Un avis de vigilance et de responsabilité collective : Retour sur l’avis du CNLE concernant le nouveau régime de sanctions
J’ai eu l’opportunité de contribuer à l’élaboration de l’avis rendu le 9 mai 2025 par le Conseil national des politiques de lutte contre la pauvreté et l’exclusion sociale (CNLE), à propos du projet de décret réformant le régime des droits et obligations des allocataires du RSA. Loin d’un simple rejet, cet avis s’inscrit dans une démarche de responsabilité, d’écoute du terrain et de propositions concrètes.
Une parole forte en faveur des plus fragiles
Face à un décret qui risque de fragiliser davantage des personnes déjà en grande précarité, le CNLE a choisi de faire entendre la voix des allocataires et de rappeler que l’objectif de toute politique sociale doit rester la lutte contre la pauvreté, et non la gestion par la sanction.
Des propositions concrètes pour un accompagnement juste
L’avis du CNLE ne se contente pas d’alerter : il propose des aménagements précis pour rendre le système plus juste et plus efficace :
- Remplacer les sanctions automatiques par des convocations pédagogiques pour rappeler les engagements, dans une logique de dialogue plutôt que de punition.
- Allonger les délais de recours de 10 à 30 jours, pour garantir aux personnes concernées le temps d’être informées, accompagnées, et de faire valoir leurs droits.
- Encadrer strictement les procédures d’information, avec des moyens adaptés (accueil physique, téléphone, numérique), comme le recommande également le Défenseur des droits.
- Publier les données de radiation et de sanction, pour assurer transparence et équité entre les territoires, et éviter des écarts injustifiés d’un département à l’autre.
- Rappeler le droit constitutionnel à des moyens convenables d’existence, en proposant la mise en place d’un revenu plancher, afin que personne ne se retrouve sans aucun revenu en France.
Une attention portée à la réalité humaine
Le CNLE a donné une place précieuse à l’expression des personnes concernées. Le témoignage bouleversant d’une allocataire du RSA – confrontée à la suspension de ses droits – rappelle que derrière chaque réforme, ce sont des vies qui basculent.
Une vision équilibrée de l’action publique
Loin de refuser toute évolution, l’avis du CNLE appelle à un véritable accompagnement global et multidimensionnel, adapté aux réalités des allocataires, fondé sur le respect, l’écoute et la progressivité. Il alerte contre l’assimilation des allocataires du RSA aux seuls demandeurs d’emploi, oubliant la logique de solidarité nationale qui sous-tend cette prestation.

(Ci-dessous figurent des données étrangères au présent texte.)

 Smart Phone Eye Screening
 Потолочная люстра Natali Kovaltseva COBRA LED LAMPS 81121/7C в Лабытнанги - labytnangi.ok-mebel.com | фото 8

Cet avis du CNLE, auquel j’ai eu l’opportunité de contribuer, témoigne de la richesse d’un dialogue entre l’expertise, l’expérience vécue, et les institutions. Il ne s’agit pas de bloquer une réforme par principe, mais de veiller à ce qu’elle soit juste, applicable, et conforme aux valeurs républicaines.
Dans une période où les fractures sociales s’accentuent, cette parole collective est un appel à la cohérence, à la dignité, et à l’humanité de notre modèle social.